Crawled caption data:
□ □ □ □ □ □ □

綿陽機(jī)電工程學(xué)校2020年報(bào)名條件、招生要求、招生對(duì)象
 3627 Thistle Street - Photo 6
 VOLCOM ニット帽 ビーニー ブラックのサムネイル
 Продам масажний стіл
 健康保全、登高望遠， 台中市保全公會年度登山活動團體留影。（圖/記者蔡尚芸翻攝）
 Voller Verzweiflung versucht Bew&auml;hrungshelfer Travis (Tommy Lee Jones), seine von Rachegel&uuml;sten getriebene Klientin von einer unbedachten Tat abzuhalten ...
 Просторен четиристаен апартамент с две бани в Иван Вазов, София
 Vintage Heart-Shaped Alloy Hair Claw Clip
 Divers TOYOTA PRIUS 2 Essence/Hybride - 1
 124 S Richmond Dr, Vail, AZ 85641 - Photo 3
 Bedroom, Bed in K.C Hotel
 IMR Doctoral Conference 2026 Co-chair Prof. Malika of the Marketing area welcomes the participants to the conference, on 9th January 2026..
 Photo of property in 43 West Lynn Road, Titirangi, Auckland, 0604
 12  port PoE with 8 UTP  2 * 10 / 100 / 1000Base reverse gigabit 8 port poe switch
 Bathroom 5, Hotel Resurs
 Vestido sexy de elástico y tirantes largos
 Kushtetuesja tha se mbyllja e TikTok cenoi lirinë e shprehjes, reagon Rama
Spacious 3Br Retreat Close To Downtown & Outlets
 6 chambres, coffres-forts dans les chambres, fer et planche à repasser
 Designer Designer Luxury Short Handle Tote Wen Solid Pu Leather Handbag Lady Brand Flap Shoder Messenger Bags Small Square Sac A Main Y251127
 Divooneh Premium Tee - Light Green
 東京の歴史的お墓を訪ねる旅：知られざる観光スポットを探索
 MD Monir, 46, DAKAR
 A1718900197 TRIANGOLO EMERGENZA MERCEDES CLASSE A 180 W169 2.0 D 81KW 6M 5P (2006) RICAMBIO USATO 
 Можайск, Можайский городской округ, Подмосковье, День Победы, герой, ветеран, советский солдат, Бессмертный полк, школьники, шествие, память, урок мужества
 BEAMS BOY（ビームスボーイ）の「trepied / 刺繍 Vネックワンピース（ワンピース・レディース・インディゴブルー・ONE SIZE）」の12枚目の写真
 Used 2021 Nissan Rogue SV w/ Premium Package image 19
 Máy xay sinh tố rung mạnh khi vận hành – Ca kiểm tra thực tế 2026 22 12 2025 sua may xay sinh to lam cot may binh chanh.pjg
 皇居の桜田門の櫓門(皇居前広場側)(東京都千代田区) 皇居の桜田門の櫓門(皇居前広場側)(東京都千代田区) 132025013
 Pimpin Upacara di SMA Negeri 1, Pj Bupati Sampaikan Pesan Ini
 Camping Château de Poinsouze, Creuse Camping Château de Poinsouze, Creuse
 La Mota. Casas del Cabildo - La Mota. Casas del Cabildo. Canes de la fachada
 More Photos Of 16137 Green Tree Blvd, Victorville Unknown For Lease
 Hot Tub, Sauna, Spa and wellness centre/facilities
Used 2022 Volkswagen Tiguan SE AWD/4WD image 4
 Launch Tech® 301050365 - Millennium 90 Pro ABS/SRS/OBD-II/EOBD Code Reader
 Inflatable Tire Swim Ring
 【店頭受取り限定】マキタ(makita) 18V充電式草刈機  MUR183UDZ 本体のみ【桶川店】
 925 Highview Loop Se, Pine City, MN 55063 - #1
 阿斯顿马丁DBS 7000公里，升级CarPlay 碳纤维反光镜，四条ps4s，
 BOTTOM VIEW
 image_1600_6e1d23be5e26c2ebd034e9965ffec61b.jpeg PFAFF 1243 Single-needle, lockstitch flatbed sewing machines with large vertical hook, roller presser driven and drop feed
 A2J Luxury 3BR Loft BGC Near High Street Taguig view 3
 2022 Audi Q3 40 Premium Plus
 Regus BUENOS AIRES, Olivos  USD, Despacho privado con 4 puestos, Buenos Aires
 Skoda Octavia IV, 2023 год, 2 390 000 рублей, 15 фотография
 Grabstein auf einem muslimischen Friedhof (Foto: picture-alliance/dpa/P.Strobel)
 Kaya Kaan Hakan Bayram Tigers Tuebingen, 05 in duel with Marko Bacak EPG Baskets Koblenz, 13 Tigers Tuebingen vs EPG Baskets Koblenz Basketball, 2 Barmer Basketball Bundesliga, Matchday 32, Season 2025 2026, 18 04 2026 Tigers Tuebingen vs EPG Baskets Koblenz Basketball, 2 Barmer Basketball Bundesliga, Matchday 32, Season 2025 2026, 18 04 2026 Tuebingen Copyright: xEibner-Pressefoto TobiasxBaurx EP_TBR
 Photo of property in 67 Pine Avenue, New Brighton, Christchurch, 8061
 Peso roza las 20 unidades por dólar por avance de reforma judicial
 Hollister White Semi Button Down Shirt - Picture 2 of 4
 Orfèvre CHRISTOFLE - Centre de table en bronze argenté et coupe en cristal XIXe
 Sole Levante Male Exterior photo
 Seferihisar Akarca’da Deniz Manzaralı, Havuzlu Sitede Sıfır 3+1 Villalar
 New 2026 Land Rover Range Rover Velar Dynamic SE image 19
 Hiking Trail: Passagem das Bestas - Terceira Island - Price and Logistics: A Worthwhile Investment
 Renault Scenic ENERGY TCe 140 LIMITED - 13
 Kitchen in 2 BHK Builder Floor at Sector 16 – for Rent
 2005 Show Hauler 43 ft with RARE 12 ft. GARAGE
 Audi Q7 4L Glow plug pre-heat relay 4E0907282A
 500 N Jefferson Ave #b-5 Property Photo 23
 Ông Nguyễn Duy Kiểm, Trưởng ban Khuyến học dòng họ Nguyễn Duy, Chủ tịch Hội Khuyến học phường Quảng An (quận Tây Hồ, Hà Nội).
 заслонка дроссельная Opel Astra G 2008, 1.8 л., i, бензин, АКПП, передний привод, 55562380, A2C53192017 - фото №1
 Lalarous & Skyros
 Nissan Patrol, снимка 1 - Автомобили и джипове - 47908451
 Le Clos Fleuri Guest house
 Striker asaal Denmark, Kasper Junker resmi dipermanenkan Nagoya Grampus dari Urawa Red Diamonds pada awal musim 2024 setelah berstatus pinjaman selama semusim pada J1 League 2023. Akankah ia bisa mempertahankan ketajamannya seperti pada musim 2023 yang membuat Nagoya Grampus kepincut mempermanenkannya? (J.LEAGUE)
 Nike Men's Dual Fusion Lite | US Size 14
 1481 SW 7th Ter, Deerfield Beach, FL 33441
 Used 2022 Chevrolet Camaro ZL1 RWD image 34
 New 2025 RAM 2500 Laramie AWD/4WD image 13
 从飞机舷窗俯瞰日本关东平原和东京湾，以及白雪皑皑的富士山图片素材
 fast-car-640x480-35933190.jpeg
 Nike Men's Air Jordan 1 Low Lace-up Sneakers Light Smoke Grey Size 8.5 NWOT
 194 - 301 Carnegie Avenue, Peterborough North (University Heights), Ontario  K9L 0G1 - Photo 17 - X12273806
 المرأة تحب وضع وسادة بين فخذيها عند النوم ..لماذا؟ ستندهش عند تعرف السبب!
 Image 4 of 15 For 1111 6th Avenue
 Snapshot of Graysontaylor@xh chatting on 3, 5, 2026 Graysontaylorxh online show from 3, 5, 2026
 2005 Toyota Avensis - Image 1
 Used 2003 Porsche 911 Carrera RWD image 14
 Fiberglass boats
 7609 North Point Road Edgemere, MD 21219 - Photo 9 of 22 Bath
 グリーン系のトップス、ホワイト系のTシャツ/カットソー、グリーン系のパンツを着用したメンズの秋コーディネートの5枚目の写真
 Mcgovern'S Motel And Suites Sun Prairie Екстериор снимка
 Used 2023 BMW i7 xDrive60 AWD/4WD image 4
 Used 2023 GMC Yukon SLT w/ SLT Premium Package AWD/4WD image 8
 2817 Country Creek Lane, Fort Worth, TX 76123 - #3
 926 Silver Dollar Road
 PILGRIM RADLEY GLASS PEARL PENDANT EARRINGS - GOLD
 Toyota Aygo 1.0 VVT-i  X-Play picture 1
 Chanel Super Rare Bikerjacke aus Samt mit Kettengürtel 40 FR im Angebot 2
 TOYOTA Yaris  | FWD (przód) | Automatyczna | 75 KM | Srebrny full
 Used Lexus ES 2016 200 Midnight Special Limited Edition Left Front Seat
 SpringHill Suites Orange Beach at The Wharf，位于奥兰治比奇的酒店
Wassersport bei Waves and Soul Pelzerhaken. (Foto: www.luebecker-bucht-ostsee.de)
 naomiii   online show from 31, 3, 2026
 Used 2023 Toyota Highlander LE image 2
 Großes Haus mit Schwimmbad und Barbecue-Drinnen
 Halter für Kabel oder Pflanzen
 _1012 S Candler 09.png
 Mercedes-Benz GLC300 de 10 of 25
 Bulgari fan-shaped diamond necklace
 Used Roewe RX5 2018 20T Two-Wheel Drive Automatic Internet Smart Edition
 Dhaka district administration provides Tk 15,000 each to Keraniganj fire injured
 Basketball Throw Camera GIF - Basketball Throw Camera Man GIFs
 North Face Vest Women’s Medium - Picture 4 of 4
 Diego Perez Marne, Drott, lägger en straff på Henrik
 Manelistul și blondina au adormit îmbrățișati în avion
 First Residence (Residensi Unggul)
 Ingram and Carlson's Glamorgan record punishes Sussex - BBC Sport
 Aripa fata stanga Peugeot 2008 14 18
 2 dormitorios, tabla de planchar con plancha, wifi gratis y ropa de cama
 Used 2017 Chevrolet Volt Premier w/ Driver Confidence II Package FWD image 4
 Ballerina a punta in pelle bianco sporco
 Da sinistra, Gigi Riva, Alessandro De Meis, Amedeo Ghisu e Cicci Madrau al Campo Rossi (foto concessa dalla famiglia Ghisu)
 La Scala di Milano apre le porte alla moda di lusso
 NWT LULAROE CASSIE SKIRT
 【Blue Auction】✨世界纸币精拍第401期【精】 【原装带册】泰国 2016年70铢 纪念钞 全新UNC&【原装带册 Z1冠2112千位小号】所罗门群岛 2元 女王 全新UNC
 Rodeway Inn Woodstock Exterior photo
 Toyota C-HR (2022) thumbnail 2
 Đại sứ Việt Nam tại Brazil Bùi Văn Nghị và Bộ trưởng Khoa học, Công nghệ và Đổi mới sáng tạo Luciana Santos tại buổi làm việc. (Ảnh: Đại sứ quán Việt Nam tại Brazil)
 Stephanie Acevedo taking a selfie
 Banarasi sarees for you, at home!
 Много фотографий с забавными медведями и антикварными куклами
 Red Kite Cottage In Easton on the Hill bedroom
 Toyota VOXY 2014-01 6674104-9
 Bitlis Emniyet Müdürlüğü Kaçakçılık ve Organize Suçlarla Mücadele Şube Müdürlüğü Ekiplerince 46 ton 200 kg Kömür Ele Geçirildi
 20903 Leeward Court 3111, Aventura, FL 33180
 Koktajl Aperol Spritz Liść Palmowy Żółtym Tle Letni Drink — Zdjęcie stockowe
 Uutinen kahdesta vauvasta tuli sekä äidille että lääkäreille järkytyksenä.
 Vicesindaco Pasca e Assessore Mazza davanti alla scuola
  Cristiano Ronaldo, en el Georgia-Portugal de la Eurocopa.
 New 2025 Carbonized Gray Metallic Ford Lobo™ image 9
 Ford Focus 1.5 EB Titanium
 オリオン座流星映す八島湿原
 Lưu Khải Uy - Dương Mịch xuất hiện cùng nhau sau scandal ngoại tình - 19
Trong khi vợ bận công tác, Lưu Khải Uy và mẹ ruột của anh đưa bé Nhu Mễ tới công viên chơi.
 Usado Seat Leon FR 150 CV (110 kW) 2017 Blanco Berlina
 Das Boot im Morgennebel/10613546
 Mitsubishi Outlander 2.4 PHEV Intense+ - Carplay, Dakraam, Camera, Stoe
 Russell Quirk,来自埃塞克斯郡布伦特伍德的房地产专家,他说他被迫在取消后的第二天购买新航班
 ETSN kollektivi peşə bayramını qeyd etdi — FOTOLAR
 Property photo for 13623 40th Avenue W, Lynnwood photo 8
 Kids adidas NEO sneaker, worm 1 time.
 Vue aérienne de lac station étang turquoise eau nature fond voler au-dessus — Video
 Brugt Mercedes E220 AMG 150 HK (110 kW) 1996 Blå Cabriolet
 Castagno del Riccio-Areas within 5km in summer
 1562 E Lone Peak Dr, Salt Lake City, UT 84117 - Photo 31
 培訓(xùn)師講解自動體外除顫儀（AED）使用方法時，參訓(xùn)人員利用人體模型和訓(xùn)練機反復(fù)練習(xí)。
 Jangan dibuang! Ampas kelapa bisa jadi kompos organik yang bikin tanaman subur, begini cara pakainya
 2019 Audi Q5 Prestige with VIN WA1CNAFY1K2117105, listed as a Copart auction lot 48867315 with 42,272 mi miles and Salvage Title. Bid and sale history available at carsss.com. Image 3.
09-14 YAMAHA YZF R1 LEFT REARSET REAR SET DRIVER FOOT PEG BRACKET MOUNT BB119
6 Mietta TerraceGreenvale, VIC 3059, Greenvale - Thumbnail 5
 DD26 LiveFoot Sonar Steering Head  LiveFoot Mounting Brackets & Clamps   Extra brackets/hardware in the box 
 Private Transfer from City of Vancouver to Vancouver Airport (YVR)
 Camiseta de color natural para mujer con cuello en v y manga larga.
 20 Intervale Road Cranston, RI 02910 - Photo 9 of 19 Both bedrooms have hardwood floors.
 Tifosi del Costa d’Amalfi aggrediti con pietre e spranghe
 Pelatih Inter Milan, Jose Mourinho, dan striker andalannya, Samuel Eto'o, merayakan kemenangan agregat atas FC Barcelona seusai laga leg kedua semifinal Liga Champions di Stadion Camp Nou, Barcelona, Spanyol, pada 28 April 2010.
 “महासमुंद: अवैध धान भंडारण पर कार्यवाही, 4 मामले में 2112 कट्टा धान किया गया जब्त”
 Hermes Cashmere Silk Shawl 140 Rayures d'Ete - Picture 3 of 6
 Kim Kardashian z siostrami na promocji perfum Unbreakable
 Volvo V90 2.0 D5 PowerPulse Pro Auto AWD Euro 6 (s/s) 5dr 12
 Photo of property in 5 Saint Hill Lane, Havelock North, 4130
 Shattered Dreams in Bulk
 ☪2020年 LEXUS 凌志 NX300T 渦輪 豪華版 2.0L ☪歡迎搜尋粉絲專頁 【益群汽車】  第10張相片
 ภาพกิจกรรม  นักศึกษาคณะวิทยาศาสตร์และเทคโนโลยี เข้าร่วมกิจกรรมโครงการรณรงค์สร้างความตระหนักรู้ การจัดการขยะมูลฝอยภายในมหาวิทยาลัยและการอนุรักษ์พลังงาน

□ □ □ □ □ □ □

__TASK REQUIREMENTS__
From the entries above, return each line with the word "Road" in it.

__WRITTEN SOLUTION__
 Photo of property in 43 West Lynn Road, Titirangi, Auckland, 0604
 7609 North Point Road Edgemere, MD 21219 - Photo 9 of 22 Bath
 926 Silver Dollar Road
 20 Intervale Road Cranston, RI 02910 - Photo 9 of 19 Both bedrooms have hardwood floors.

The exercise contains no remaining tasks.